"""
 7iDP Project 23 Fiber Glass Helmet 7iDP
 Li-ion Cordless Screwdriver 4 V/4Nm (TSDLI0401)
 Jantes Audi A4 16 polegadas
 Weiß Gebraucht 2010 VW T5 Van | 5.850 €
"""
"""
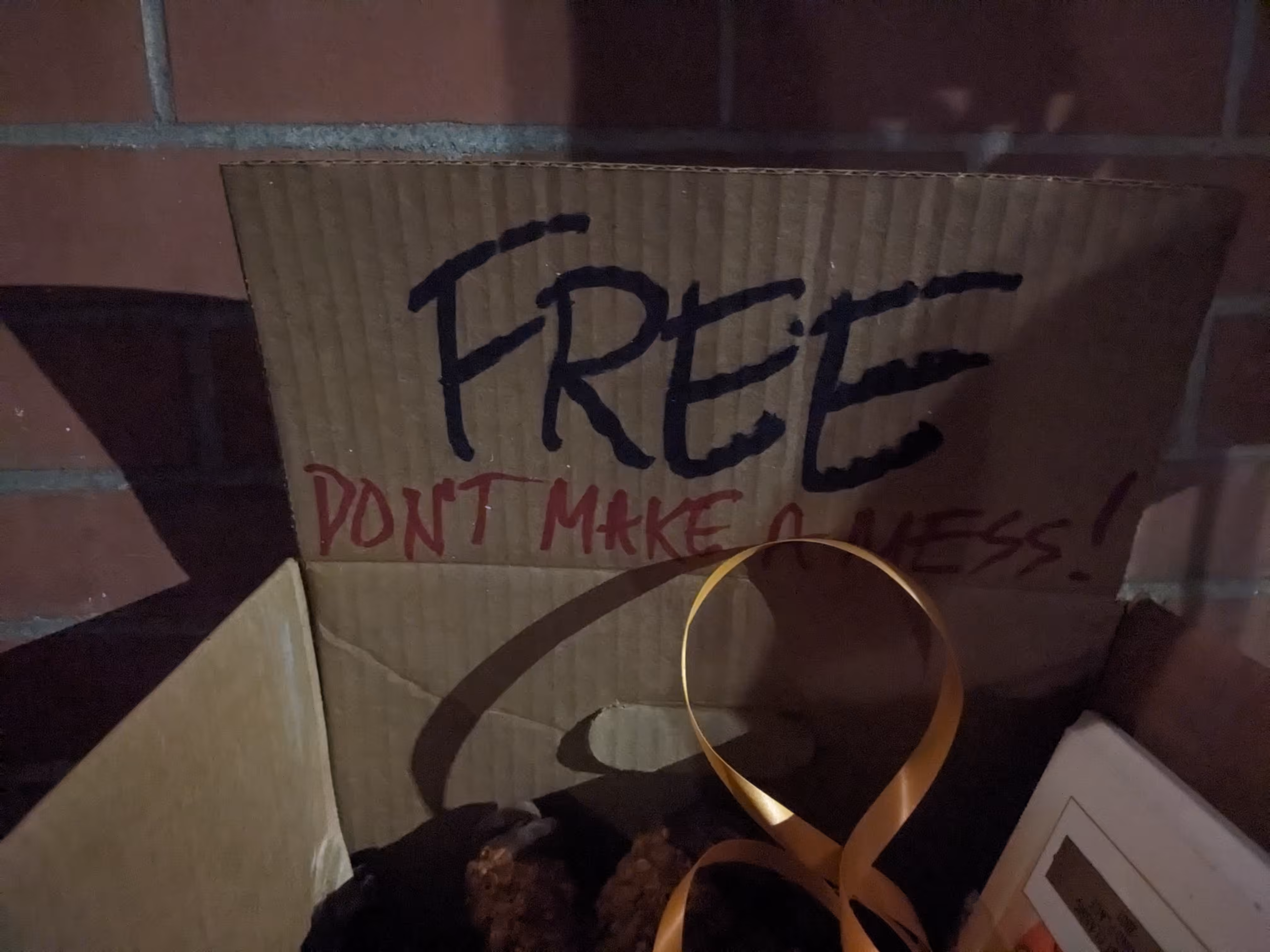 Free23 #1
"""
The problem → In the listing above, find the line with "7iDP Project 23 Fiber Glass Helmet 7iDP" and the line with "Weiß Gebraucht 2010 VW T5 Van | 5.850 €". Output those two lines and every line between them, exactly as written.

Result →
 7iDP Project 23 Fiber Glass Helmet 7iDP
 Li-ion Cordless Screwdriver 4 V/4Nm (TSDLI0401)
 Jantes Audi A4 16 polegadas
 Weiß Gebraucht 2010 VW T5 Van | 5.850 €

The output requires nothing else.